[Opening The records section]

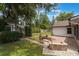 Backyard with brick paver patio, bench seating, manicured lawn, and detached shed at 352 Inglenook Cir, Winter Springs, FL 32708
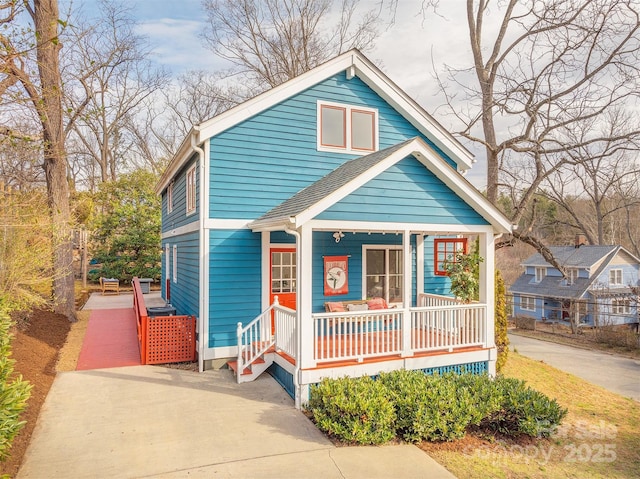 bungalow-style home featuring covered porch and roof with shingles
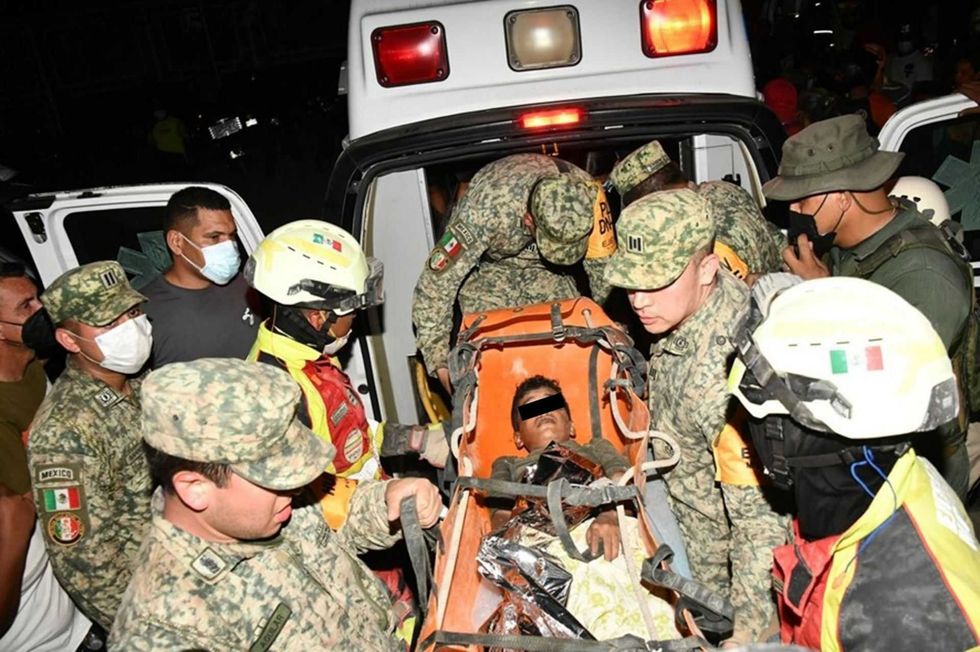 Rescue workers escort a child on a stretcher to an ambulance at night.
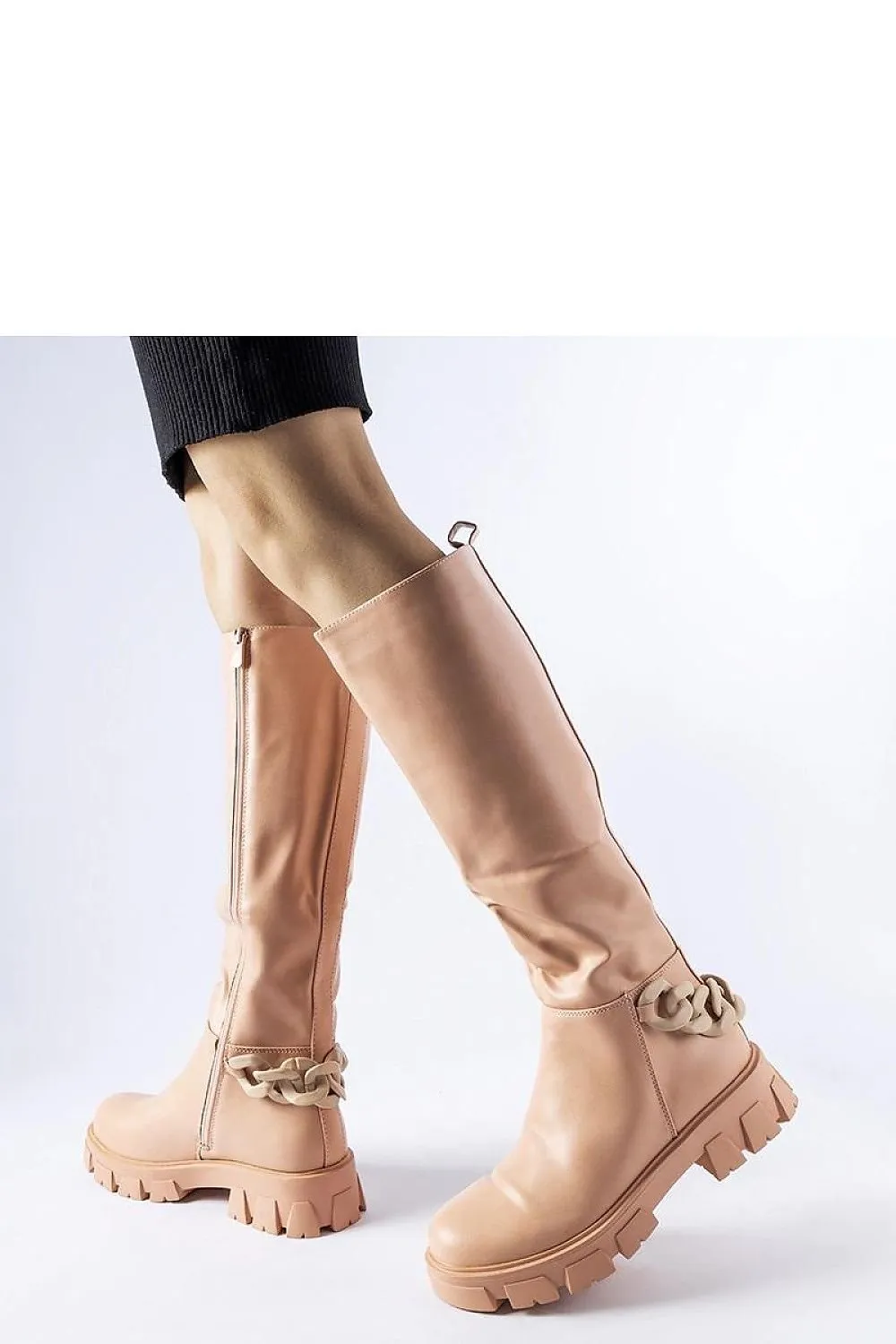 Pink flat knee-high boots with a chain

[Closing The records section]
[Opening The records section]

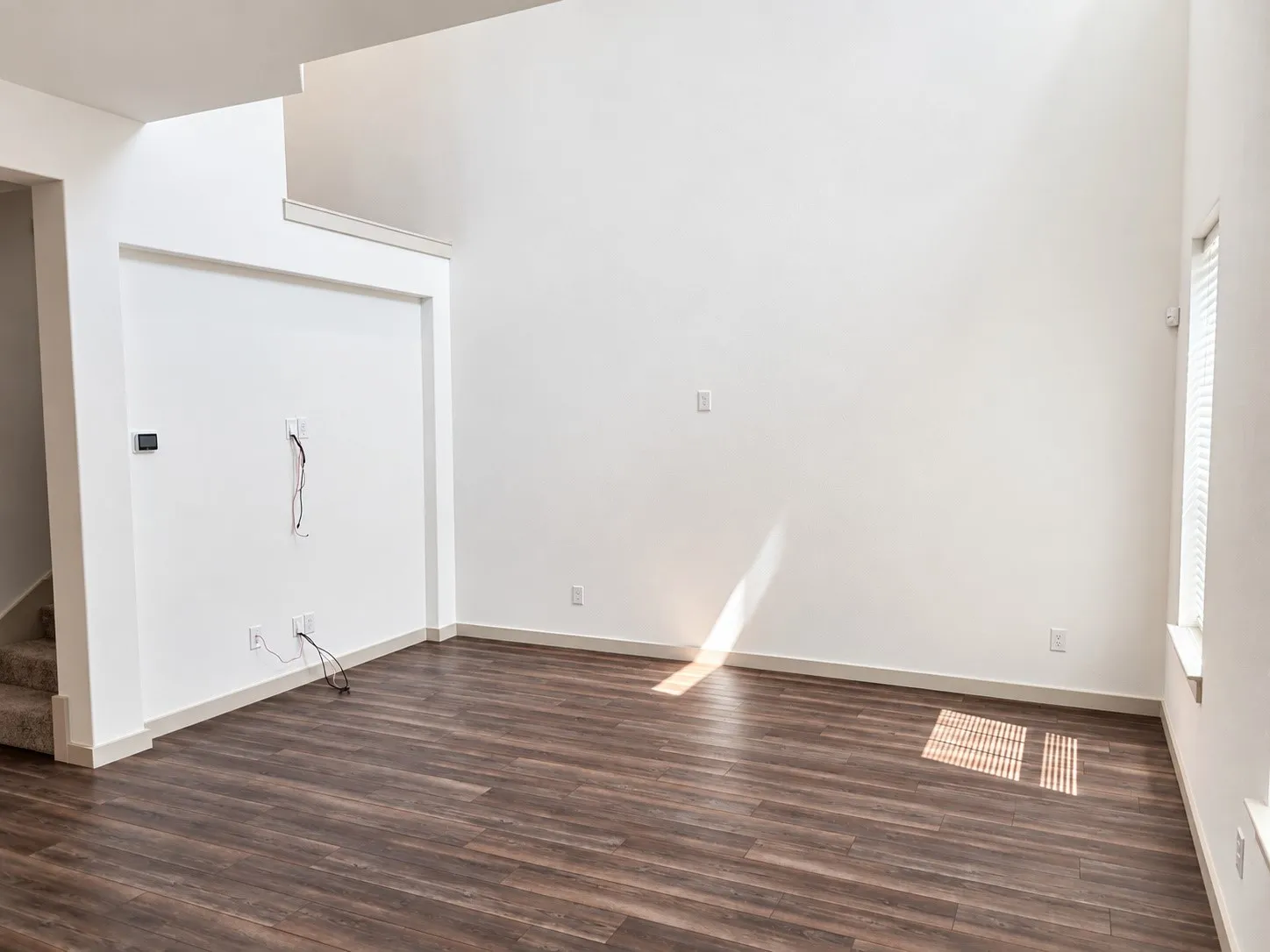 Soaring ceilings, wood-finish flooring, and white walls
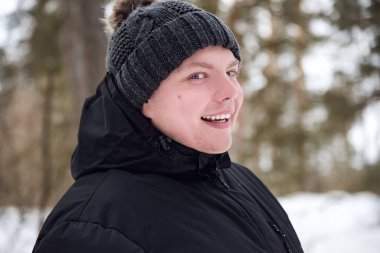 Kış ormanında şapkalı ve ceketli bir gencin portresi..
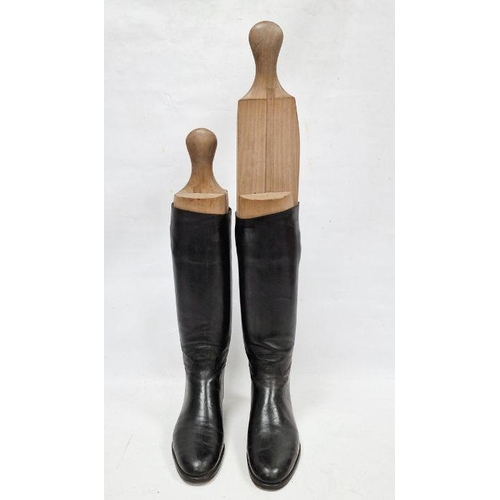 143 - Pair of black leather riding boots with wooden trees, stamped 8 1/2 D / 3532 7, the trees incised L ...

[Closing The records section]

**Assignment**
Retype, exactly and with no pictures, everything above from the line with "Backyard with brick" down to the line with "Pink flat knee-high boots with a chain", both included.

**Response for this exercise**
 Backyard with brick paver patio, bench seating, manicured lawn, and detached shed at 352 Inglenook Cir, Winter Springs, FL 32708
 bungalow-style home featuring covered porch and roof with shingles
 Rescue workers escort a child on a stretcher to an ambulance at night.
 Pink flat knee-high boots with a chain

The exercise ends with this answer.